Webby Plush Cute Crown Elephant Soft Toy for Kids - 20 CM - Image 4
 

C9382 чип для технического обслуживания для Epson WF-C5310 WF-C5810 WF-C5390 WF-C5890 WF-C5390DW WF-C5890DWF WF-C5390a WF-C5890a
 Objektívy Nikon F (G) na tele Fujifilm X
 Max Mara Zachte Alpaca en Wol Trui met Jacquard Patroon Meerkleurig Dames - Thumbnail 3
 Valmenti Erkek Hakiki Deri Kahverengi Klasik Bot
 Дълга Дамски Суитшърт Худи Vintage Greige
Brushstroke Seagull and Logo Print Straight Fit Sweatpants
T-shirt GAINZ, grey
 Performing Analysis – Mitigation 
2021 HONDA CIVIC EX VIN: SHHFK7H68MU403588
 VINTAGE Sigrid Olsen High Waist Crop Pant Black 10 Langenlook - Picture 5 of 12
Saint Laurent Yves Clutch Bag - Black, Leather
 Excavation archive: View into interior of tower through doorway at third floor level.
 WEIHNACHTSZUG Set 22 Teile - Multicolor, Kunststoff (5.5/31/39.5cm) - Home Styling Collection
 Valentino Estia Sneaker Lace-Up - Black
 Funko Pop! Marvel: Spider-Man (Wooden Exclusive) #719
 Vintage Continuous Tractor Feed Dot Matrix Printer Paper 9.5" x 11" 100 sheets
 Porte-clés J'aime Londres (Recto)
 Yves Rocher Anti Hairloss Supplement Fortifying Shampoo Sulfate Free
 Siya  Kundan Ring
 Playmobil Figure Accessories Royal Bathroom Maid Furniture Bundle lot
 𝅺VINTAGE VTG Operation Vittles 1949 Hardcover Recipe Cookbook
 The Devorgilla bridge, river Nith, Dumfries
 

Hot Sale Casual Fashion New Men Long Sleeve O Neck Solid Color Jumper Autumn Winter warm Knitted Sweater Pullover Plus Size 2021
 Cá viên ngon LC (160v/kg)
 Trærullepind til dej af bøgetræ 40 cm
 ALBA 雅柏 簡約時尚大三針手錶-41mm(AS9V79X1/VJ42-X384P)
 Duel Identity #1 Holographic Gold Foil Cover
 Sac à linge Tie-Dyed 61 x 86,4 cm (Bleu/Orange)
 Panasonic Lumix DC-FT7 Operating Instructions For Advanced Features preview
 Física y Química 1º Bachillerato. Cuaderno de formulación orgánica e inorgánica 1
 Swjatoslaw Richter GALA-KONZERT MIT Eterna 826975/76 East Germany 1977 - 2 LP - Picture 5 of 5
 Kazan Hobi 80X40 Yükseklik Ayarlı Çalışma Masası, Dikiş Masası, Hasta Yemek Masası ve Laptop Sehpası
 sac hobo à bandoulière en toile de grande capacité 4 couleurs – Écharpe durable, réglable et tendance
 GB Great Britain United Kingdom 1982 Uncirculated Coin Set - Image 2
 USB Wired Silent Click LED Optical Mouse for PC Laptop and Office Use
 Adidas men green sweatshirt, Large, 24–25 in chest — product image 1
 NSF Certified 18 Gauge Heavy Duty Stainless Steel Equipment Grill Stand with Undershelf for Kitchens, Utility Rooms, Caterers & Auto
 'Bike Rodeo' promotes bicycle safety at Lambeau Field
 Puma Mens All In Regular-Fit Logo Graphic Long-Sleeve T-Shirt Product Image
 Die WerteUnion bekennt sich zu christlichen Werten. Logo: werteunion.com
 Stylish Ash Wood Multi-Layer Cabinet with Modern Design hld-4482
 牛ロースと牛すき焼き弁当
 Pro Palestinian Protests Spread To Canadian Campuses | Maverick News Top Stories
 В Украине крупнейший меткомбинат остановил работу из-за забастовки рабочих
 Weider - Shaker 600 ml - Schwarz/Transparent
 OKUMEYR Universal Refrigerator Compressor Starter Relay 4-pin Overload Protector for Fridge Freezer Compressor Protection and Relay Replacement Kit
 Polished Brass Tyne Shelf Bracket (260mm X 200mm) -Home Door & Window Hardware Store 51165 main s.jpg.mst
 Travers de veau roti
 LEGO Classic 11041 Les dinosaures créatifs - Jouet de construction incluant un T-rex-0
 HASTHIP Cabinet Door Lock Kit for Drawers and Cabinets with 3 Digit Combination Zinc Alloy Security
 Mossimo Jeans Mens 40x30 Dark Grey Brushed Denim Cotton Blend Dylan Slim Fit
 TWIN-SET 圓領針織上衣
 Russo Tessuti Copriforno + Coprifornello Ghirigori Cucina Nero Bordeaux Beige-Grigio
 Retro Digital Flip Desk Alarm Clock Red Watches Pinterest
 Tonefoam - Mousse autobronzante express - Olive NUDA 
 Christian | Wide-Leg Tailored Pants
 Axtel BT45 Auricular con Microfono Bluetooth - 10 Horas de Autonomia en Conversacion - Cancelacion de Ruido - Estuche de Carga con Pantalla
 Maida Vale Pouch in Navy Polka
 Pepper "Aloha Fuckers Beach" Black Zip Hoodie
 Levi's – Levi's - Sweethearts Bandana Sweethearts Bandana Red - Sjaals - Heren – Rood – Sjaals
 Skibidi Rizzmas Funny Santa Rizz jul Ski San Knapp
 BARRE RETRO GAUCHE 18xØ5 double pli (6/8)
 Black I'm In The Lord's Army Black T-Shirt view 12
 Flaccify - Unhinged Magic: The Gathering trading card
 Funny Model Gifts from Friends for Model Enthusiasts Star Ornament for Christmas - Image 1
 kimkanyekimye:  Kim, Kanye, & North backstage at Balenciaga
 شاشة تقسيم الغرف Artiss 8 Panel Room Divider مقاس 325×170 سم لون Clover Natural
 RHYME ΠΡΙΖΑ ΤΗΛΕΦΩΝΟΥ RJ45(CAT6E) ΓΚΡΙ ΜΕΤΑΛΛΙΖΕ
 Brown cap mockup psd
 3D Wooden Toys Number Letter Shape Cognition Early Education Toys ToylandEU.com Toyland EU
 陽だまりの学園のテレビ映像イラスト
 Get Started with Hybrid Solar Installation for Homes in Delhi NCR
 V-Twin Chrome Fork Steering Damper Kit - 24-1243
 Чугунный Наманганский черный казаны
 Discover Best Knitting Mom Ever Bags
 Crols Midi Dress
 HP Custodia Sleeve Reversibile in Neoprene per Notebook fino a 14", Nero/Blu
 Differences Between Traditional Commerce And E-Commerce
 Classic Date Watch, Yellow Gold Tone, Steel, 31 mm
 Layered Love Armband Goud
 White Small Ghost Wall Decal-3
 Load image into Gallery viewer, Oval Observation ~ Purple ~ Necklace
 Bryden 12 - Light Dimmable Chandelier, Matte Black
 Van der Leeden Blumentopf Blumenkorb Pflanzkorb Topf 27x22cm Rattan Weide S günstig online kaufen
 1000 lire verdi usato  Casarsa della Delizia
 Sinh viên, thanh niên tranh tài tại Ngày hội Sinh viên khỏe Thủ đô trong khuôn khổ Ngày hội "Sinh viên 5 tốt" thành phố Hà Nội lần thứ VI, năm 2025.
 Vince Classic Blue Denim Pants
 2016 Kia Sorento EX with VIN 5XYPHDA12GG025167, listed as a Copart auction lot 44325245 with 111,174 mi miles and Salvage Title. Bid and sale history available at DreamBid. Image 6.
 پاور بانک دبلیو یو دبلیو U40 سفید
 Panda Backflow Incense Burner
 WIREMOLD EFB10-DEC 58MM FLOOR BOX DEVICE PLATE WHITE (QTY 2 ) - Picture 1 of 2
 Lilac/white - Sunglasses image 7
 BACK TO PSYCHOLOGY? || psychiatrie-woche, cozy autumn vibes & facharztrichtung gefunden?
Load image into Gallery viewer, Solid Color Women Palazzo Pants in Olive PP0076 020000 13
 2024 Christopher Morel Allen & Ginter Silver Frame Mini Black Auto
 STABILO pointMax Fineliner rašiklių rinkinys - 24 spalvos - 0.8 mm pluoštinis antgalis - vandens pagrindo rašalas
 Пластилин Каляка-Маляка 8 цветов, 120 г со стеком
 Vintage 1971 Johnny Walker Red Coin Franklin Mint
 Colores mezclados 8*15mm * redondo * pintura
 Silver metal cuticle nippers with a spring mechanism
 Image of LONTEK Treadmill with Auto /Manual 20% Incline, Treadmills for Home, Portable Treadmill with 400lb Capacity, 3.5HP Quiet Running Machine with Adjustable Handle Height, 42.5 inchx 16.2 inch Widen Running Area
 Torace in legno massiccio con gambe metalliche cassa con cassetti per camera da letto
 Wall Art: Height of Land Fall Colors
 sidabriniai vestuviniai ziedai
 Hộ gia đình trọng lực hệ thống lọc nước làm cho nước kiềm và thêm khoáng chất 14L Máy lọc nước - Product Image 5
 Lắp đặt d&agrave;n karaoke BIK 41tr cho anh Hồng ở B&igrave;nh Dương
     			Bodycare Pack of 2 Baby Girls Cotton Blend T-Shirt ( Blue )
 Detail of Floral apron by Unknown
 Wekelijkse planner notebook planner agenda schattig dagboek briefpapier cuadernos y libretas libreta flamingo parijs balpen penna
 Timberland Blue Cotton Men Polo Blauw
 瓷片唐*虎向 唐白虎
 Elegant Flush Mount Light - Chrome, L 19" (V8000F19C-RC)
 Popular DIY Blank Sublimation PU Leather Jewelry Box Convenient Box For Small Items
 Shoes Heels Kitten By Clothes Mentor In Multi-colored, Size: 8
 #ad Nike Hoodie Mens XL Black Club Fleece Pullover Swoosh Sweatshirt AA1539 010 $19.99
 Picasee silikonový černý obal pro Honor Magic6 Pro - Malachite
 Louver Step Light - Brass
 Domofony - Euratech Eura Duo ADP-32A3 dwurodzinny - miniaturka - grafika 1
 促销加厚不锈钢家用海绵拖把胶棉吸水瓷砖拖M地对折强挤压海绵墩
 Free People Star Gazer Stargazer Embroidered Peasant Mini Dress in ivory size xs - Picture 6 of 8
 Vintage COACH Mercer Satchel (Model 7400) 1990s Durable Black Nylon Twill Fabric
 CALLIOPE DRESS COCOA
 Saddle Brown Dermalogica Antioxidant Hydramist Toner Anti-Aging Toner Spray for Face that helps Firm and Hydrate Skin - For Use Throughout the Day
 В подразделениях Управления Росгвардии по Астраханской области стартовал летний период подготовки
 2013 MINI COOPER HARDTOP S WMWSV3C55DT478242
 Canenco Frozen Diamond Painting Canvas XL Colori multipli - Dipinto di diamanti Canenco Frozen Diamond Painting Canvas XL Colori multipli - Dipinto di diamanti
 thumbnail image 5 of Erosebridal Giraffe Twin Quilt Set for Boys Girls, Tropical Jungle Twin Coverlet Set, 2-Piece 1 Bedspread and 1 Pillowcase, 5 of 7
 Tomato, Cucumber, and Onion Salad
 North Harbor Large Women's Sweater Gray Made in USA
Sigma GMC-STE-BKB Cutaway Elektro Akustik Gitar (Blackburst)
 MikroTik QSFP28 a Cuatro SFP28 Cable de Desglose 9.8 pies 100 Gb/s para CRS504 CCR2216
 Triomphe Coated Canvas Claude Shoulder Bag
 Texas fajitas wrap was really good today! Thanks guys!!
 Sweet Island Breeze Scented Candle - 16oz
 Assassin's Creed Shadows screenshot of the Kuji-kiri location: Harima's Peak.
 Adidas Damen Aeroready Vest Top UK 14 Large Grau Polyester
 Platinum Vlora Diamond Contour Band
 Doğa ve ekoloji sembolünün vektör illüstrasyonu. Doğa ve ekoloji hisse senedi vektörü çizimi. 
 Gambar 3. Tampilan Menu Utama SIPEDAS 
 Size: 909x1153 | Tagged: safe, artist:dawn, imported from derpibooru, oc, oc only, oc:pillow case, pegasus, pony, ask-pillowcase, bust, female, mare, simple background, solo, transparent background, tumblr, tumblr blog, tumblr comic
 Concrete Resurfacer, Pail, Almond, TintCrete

• EXERCISE DESCRIPTION:
Take from the material above the lines running from the one with "backstage at Balenciaga" through the one with "V-Twin Chrome Fork", and repeat them exactly, with nothing else.

• ANSWER TO THIS PROBLEM:
 kimkanyekimye:  Kim, Kanye, & North backstage at Balenciaga
 شاشة تقسيم الغرف Artiss 8 Panel Room Divider مقاس 325×170 سم لون Clover Natural
 RHYME ΠΡΙΖΑ ΤΗΛΕΦΩΝΟΥ RJ45(CAT6E) ΓΚΡΙ ΜΕΤΑΛΛΙΖΕ
 Brown cap mockup psd
 3D Wooden Toys Number Letter Shape Cognition Early Education Toys ToylandEU.com Toyland EU
 陽だまりの学園のテレビ映像イラスト
 Get Started with Hybrid Solar Installation for Homes in Delhi NCR
 V-Twin Chrome Fork Steering Damper Kit - 24-1243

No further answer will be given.